An interesting question arises from the concept of the existence of superhub circuits in the brain both in health and disease: who or what inhibits or modulates these titans? What role does the superhub GABAergic titans play early in the preseizure phase? The superhub motifs were activated preseizure both in the zebrafish larvae and the DG of the epileptic mouse. In the acute PTZ model, given the known mechanism of action of PTZ, GABAergic antagonism likely played a dominant role in the activation of the superhub excitatory neurons. In the spontaneously seizing intrahippocampal kainate mouse model, the imbalance of inhibition vs. excitation were both likely at play. Adding to the complexity of extrapolating Ca²⁺ imaging data to understanding circuit recruitment are the imaging results from the zebrafish larvae showing the IH were consistently localized to telencephalon and mesencephalon. In contrast, OH were consistently localized to diencephalon. Does that mean the seizures would not propagate to the telencephalon in the larvae? This may be because in the telencephalon of an immature brain, the OH are not yet well “superhubbed.” Additionally the baseline and preseizure networks showed similar macroscale spatial organization of both incoming and outgoing hubs which may not allow for its use as an early predictive marker for seizure onset probability.

For a while now, epilepsy research has focused on the uncertainty regarding whether there is heterogeneous firing during seizures or synchronous neuronal firing in the seizure onset zones. Several research groups have investigated this question specifically in models of temporal lobe epilepsy. In the hippocampus, there are strong excitatory connections laterally within the septotemporally organized lamella along with inhibitory translamellar connections. Recent work testing this hypothesis, for evoked seizures using small microelectrode arrays, showed that the firing pattern was correlated along the lamellar, but not the septotemporal axis ⁸ and were markedly reduced by antiseizure medications. These results underscore that superhub synchrony at least as relevant to seizure onset foci in the hippocampus may also depend on anatomic connectivity and plasticity. Additionally, destabilization of epilepsy networks as a factor underlying the unpredictability of episodic seizures in patients has been shown to be modulated by multiday rhythms. ⁹ Within the circadian cycle, seizures are more likely to arise from NREM sleep ¹⁰ where superhub circuits may also play a role in synchronizing cortical slow-wave rhythms.
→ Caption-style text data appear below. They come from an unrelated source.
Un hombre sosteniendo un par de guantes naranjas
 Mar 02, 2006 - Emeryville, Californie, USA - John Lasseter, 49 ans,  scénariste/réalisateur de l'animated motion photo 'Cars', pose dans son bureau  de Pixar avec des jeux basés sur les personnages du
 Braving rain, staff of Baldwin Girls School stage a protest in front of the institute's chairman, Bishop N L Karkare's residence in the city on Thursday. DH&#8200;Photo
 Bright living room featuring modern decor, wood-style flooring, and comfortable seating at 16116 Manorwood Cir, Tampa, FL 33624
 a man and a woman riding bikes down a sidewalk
For translational applicability, it remains unclear how superhub circuits may contribute to multidien rhythms and circadian seizure susceptibility in epileptic brains.

All epilepsy research is translational, and the authors highlight this by citing the success of closed-loop stimulation techniques in curbing seizures in preclinical models of spontaneously seizing rodents. These methods are already actively applied in the clinic in the form of Responsive Neurostimulation Systems (RNS) like NeuroPace Inc. as a therapeutic option to control seizures. RNS technology is a valuable alternative to removing or lesioning eloquent brain structures when they are the epileptic foci. However, the therapeutic response to RNS is often slow, variable, and defies prognostication based on clinical factors. Elegant work by Chang et al ¹¹ using years-long intracranial neural recordings collected during RNS therapy has found that patients with the greatest therapeutic benefit underwent progressive, frequency-dependent reorganization of interictal functional connectivity. The extent of this reorganization scaled directly with seizure reduction within the first year, likely revealing altered network plasticity as a mechanism underlying successful RNS. Given the important physiological role that superhubs play in brain function, it would be of interest to understand whether any of the RNS-related antiseizure plasticity involved the superhub excitatory or inhibitory circuits. A better understanding of specific molecular biomarkers to identify these titans is needed. The possibility of specifically targeting superhub neurons to help curb drug refractory seizures during the “preseizure” phase could then be achieved using next generation of RNS guided by optogenetics.